Runtime Configuration of Spark Streaming Jobs

Kevin Hartman


Project Fortis is a social data ingestion, analysis, and visualization platform. Originally developed by Microsoft in collaboration with the United Nations Office for the Coordination of Humanitarian Affairs (UN OCHA), Fortis provides planners and scientists with tools to gain insight from social media, public websites and custom data sources. We’ve explored previous work on Project Fortis in other code stories on this blog, such as Project Fortis: Accelerating UN Humanitarian Aid Planning with GraphQL and Building a Custom Spark Connector for Near Real-Time Speech-to-Text Transcription.


In Project Fortis, we use Spark Streaming to consume and process real-time news and events from a variety of sources, including social media outlets such as Twitter and Facebook. This article assumes familiarity with Apache Spark Streaming application development.  As a part of this processing, we perform sentiment and geolocation analysis as well as entity extraction, ultimately aggregating this information into a Cassandra database, which powers a web service used to visualize it.

One notable project requirement for Fortis is that many aspects of the processing done by Spark must be user-tunable; for example, our Spark application makes use of both a whitelist and a blacklist to filter out incoming events that are uninteresting to the user. These lists, among other settings, are maintained through an admin dashboard from within our web service.  It’s important that the user is able to update these lists at any time.

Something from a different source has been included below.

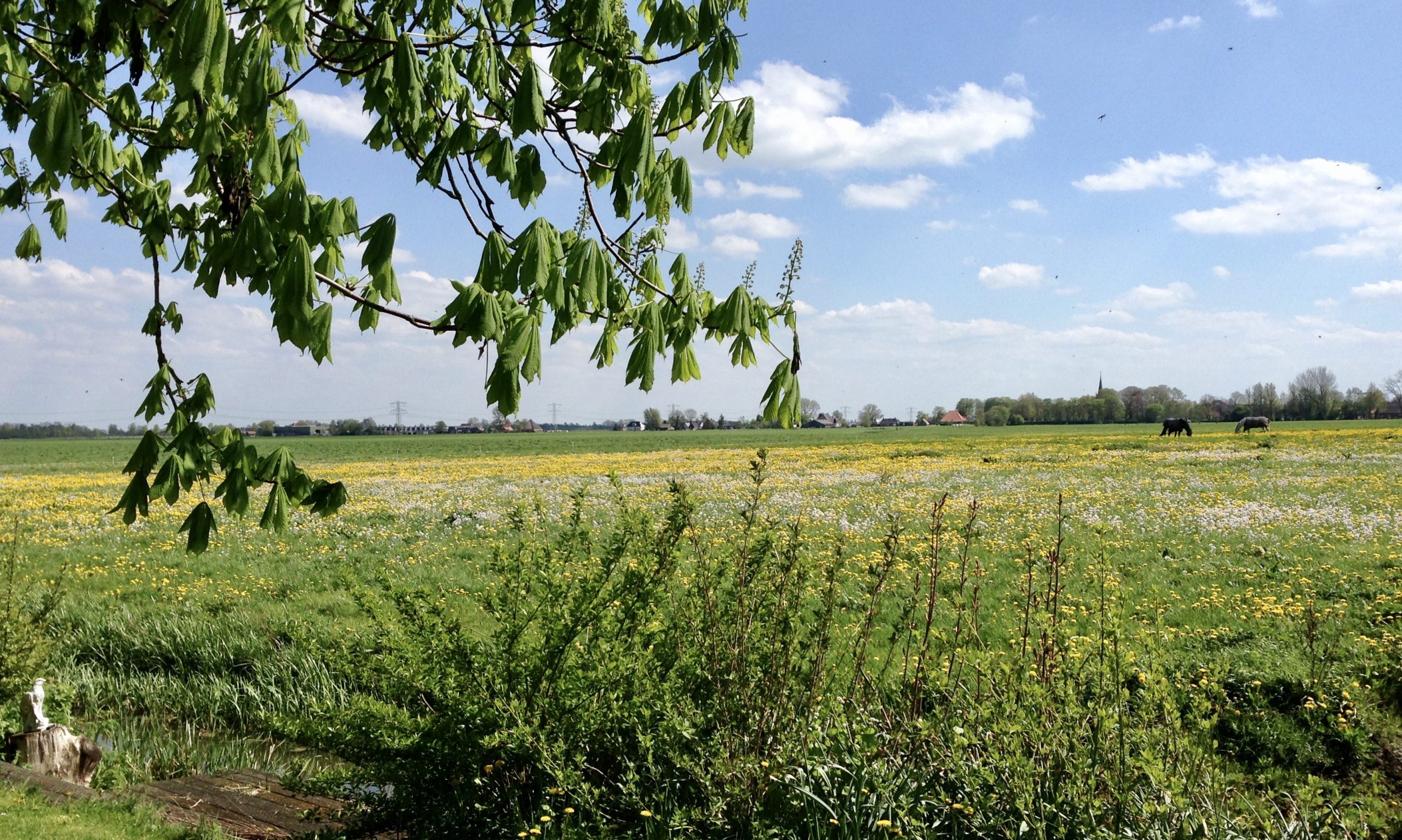 cropped-922D6FFA-AEE4-4D0E-AB37-8FBA2B8B3F7C-scaled-4.jpeg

To satisfy this requirement of our work on Project Fortis, we needed to be able to communicate with Spark to reconfigure our data processing logic at runtime in response to configuration changes from an external service. In this code story, we’ll explore how we were able to achieve this goal using Spark transformations and Azure Service Bus.

Runtime Reconfiguration

One of Spark’s limitations is that it’s not possible to change an application’s DStream graph after the streaming context has been started. From an API perspective, this graph is comprised of all DStream transformation lineages which lead from an output operation (i.e.,printforeachRDD, etc.) back to a source input stream (receiver, direct input stream, etc.). In other words, the hierarchy of the DStream graph defines the configuration and ordering of the stages which comprise an application’s data-processing pipeline(s).

For example, myDStream.transform(...).map(...).filter(...).print()defines a pipeline in which all RDDs arriving on the stream “myDStream” will be transformed by some function, mapped by another, filtered by yet another, and finally printed.

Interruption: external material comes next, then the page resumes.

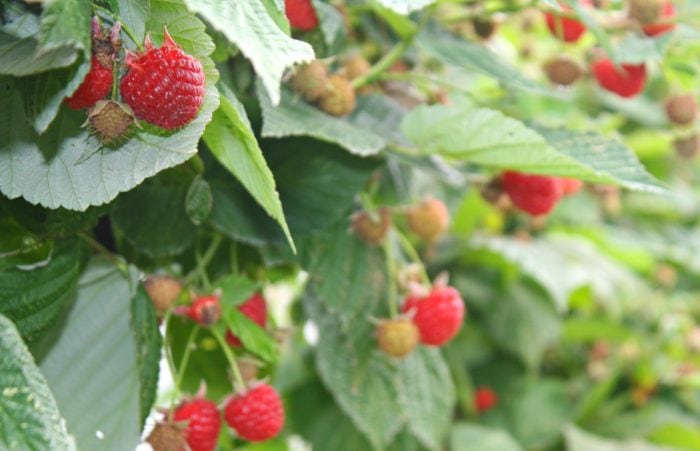 Raspberries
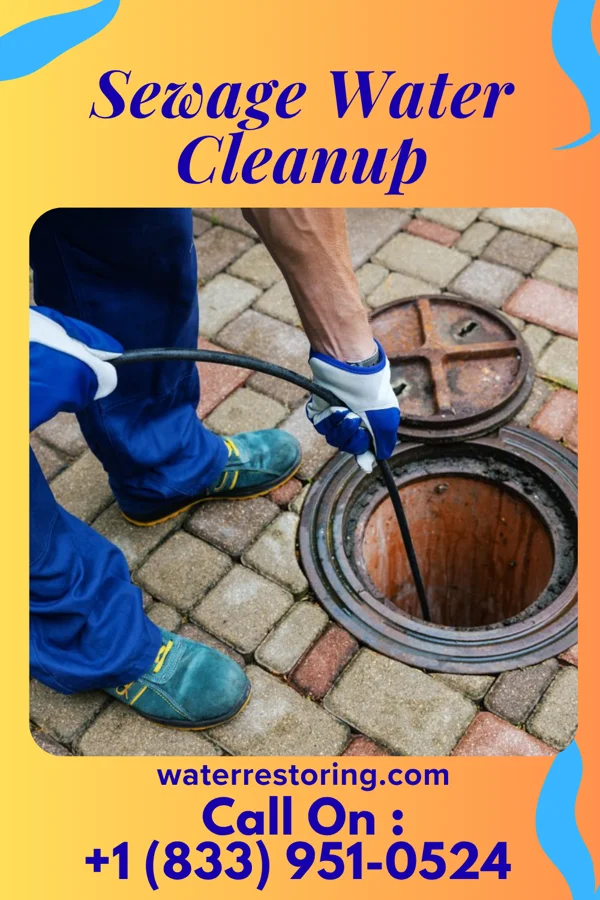 Sewage Water Cleanup in Weaubleau, MO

While we cannot change pipeline stages or their ordering, we can use generic transformations and output actions that operate at the RDD-level  (namely transform and foreachRDD, respectively) which give us a chance to run arbitrary code for each incoming RDD (batch).

Functions (callbacks) we provide to foreachRDD and transform are executed within the driver process. They’re designed to build an execution plan for each RDD; they set up the RDD-level transformations that will occur for each individual RDD, and scheduling is done from the Spark driver. We were able to make use of this to satisfy our goal; before we process each RDD, we poll an external service for configuration changes and adjust the logic applied to the current and future RDDs.

Designing our Approach

For a deeper understanding of the approach covered here, check out our supplemental blog post, Spark Streaming Transformations : A Deep-dive, which captures some non-obvious behaviors and limitations of Spark which we’d uncovered throughout its design.

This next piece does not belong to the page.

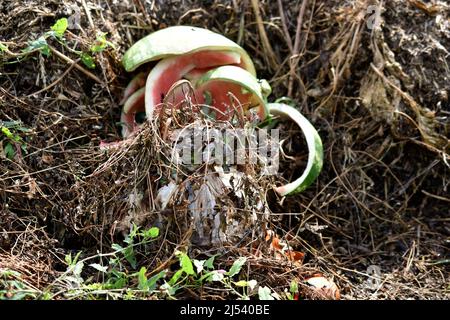 Müllkiste mit Lebensmittelabfällen im Garten Stockfoto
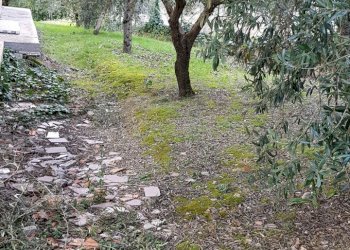 13.jpg - Villa Via Saturnia, Perugia - foto 14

By writing some setup code to run on the driver for each incoming RDD, we can reference an external service and reactively change how we process data (i.e., in response to another service). Useful external services for this purpose include databases, web services, and messaging queue services like Azure Service Bus (more on this option below), but the options are of course limitless.

For Project Fortis’s requirements, it made the most sense to place the code to do this within a transform callback (a transformation). We chose this over foreachRDD (an output operation) since it allowed us to modify our configuration the farthest upstream within our data pipeline. We were then able to use the resulting DStream to supply data to completely separate downstream transformation sequences (data pipelines). For simpler applications with a single output operation, using foreachRDD should suffice.

When using transform, however, work done in the callback must not be long-running (a Spark thread will invoke the callback). This limitation rules out network communication, making it more difficult to communicate with external services. To solve this, we used a worker/background thread to fetch and prepare data from our external service, passing it off to the Spark driver thread(s) only once ready.

However, this approach itself added additional complexity due to serialization concerns around Spark checkpointing. We needed to find a way to share the mutable state between the Spark thread executing our transform callback and our background thread, which we’d started prior to the streaming context, near our application’s entry point. This problem is somewhat non-trivial given that the state of the transform function is serialized by Spark during checkpointing, so upon recovery/deserialization, no direct references from this code to or from objects we had control over in the old JVM process would exist.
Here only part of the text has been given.